**Source information**
'''
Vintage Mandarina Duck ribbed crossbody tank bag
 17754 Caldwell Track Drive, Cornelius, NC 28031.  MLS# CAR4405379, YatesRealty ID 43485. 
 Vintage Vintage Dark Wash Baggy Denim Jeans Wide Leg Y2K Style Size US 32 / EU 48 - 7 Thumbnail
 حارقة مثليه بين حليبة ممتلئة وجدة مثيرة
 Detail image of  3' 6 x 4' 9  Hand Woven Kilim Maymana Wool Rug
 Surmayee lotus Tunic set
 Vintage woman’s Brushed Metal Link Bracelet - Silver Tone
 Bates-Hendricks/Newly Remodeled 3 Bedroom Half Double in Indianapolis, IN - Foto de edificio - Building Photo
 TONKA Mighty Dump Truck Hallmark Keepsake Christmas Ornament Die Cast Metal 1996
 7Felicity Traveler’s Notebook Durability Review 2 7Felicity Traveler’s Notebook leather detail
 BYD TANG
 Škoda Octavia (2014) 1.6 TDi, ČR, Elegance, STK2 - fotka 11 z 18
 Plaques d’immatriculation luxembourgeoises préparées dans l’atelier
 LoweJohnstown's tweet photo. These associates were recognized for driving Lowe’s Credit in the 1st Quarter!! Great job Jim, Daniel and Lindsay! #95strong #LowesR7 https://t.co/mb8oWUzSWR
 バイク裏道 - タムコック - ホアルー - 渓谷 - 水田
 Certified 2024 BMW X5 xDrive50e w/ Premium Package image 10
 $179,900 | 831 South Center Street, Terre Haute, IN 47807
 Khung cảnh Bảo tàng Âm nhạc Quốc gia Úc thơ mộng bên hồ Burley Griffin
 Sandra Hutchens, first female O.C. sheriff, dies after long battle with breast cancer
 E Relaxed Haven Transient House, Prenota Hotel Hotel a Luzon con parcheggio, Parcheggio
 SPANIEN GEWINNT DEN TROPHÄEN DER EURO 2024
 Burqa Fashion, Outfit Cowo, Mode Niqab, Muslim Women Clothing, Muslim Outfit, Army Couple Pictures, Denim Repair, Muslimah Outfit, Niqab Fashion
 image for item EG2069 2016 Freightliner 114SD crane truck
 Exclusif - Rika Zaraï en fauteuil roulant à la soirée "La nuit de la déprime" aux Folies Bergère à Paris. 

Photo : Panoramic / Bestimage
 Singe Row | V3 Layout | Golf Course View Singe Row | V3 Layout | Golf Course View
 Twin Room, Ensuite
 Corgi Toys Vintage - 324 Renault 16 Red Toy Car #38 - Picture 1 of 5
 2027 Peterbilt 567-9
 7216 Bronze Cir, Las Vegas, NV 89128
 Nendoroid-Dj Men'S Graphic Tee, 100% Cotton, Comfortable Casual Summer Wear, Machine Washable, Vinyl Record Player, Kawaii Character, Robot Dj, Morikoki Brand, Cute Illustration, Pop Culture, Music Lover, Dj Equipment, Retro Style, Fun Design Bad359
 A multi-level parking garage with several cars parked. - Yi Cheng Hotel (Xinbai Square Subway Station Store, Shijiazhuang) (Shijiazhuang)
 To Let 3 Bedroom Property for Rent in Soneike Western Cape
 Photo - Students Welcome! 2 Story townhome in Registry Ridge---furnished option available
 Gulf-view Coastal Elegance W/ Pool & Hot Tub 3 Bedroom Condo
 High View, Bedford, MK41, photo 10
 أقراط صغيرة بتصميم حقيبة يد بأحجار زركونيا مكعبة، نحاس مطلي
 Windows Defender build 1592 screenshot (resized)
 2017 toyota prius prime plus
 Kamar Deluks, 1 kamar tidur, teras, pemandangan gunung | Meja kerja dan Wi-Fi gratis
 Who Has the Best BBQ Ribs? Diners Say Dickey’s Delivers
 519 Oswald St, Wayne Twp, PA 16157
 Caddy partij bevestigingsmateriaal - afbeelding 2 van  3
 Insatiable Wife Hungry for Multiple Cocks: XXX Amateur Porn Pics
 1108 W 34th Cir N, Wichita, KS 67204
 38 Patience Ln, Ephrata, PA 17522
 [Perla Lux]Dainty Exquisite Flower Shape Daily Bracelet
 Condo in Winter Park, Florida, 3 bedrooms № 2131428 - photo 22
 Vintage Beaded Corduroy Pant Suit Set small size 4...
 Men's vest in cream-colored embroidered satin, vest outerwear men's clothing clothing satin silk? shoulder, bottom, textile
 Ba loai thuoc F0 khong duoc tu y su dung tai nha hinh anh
'''
**Exercise directions**
Reproduce verbatim the lines above, from the line with "Surmayee lotus Tunic set" through the line with "Gulf-view Coastal Elegance".

**Response for this exercise**
 Surmayee lotus Tunic set
 Vintage woman’s Brushed Metal Link Bracelet - Silver Tone
 Bates-Hendricks/Newly Remodeled 3 Bedroom Half Double in Indianapolis, IN - Foto de edificio - Building Photo
 TONKA Mighty Dump Truck Hallmark Keepsake Christmas Ornament Die Cast Metal 1996
 7Felicity Traveler’s Notebook Durability Review 2 7Felicity Traveler’s Notebook leather detail
 BYD TANG
 Škoda Octavia (2014) 1.6 TDi, ČR, Elegance, STK2 - fotka 11 z 18
 Plaques d’immatriculation luxembourgeoises préparées dans l’atelier
 LoweJohnstown's tweet photo. These associates were recognized for driving Lowe’s Credit in the 1st Quarter!! Great job Jim, Daniel and Lindsay! #95strong #LowesR7 https://t.co/mb8oWUzSWR
 バイク裏道 - タムコック - ホアルー - 渓谷 - 水田
 Certified 2024 BMW X5 xDrive50e w/ Premium Package image 10
 $179,900 | 831 South Center Street, Terre Haute, IN 47807
 Khung cảnh Bảo tàng Âm nhạc Quốc gia Úc thơ mộng bên hồ Burley Griffin
 Sandra Hutchens, first female O.C. sheriff, dies after long battle with breast cancer
 E Relaxed Haven Transient House, Prenota Hotel Hotel a Luzon con parcheggio, Parcheggio
 SPANIEN GEWINNT DEN TROPHÄEN DER EURO 2024
 Burqa Fashion, Outfit Cowo, Mode Niqab, Muslim Women Clothing, Muslim Outfit, Army Couple Pictures, Denim Repair, Muslimah Outfit, Niqab Fashion
 image for item EG2069 2016 Freightliner 114SD crane truck
 Exclusif - Rika Zaraï en fauteuil roulant à la soirée "La nuit de la déprime" aux Folies Bergère à Paris. 

Photo : Panoramic / Bestimage
 Singe Row | V3 Layout | Golf Course View Singe Row | V3 Layout | Golf Course View
 Twin Room, Ensuite
 Corgi Toys Vintage - 324 Renault 16 Red Toy Car #38 - Picture 1 of 5
 2027 Peterbilt 567-9
 7216 Bronze Cir, Las Vegas, NV 89128
 Nendoroid-Dj Men'S Graphic Tee, 100% Cotton, Comfortable Casual Summer Wear, Machine Washable, Vinyl Record Player, Kawaii Character, Robot Dj, Morikoki Brand, Cute Illustration, Pop Culture, Music Lover, Dj Equipment, Retro Style, Fun Design Bad359
 A multi-level parking garage with several cars parked. - Yi Cheng Hotel (Xinbai Square Subway Station Store, Shijiazhuang) (Shijiazhuang)
 To Let 3 Bedroom Property for Rent in Soneike Western Cape
 Photo - Students Welcome! 2 Story townhome in Registry Ridge---furnished option available
 Gulf-view Coastal Elegance W/ Pool & Hot Tub 3 Bedroom Condo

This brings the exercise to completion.